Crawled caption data
———

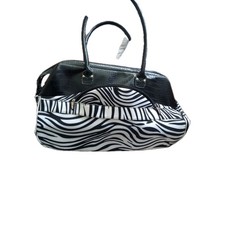 Large Ladies Weekend Bag.Black+White.used Once.Very Good Cond.52cmx40cm.approx.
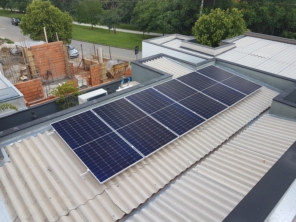 Foto de Íris Energy Energia Solar Inteligente em Botucatu, SP por Solutudo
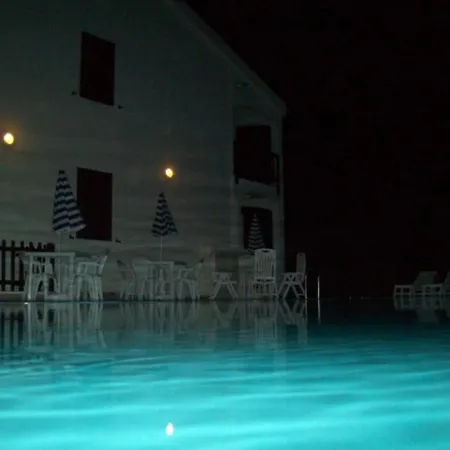 فندق مبيت وإفطار La 3*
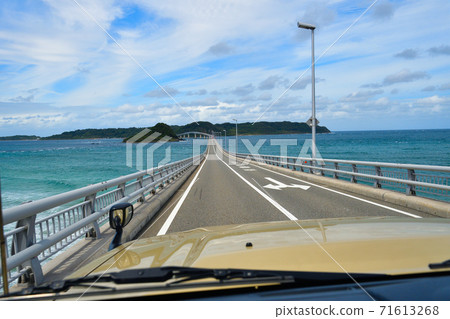 越過角島橋 71613268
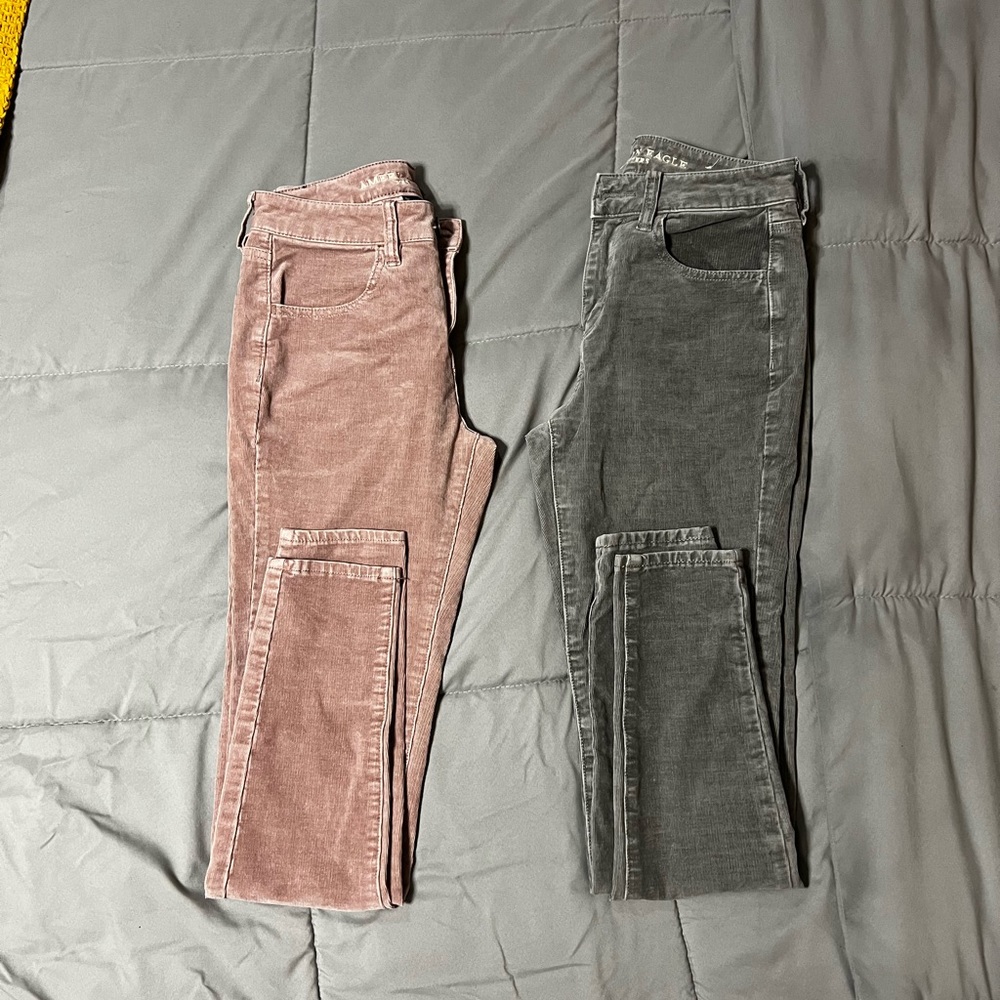American eagle regular, size 4 like new, used twice, color gray and light red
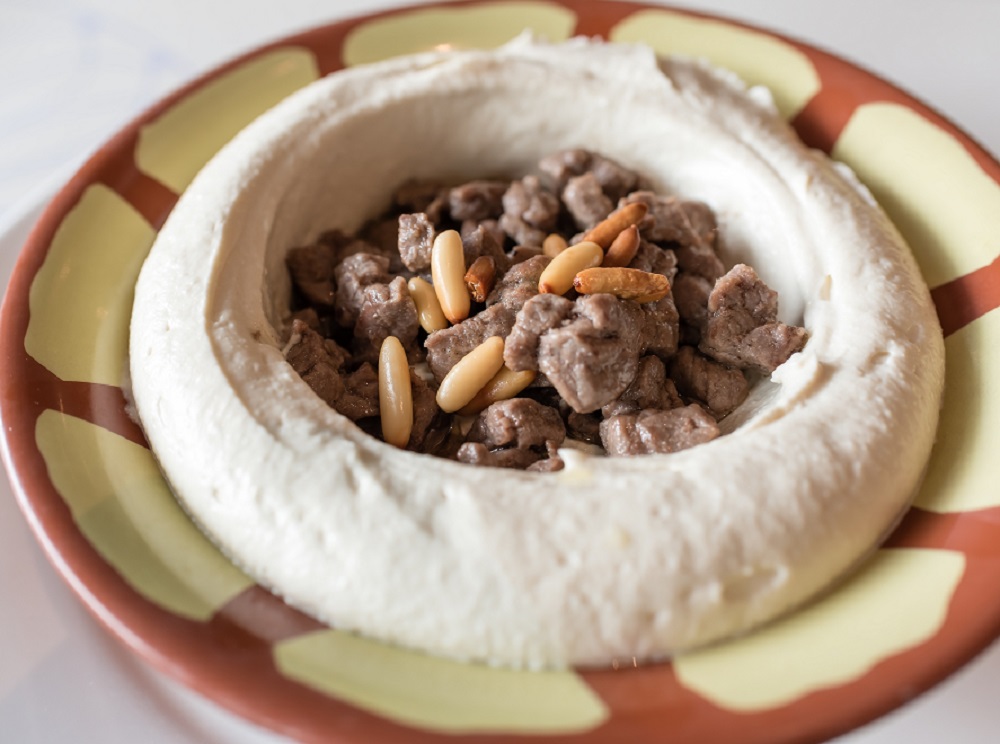 חומוס עם בשר טחון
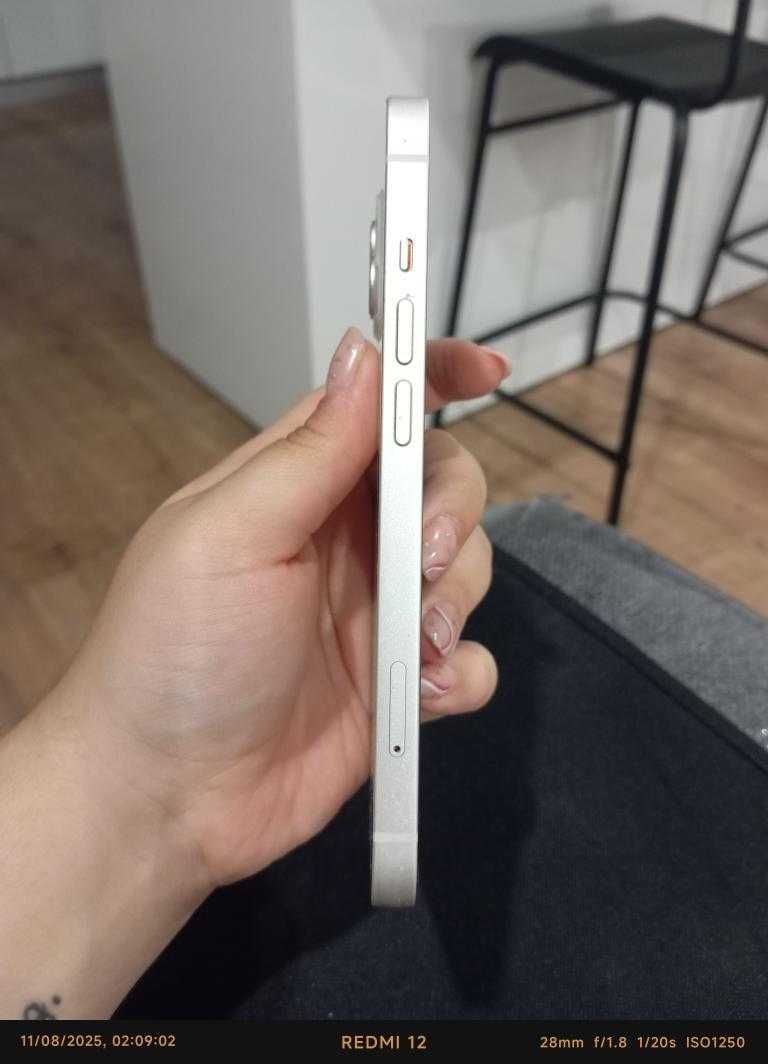 iPhone 13 - 128GB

———

### Assignment
For this task, give again exactly the lines from the line with "Foto de Íris" through the end of the entries, including both ends, and omit the pictures.

### Expected answer
 Foto de Íris Energy Energia Solar Inteligente em Botucatu, SP por Solutudo
 فندق مبيت وإفطار La 3*
 越過角島橋 71613268
American eagle regular, size 4 like new, used twice, color gray and light red
 חומוס עם בשר טחון
 iPhone 13 - 128GB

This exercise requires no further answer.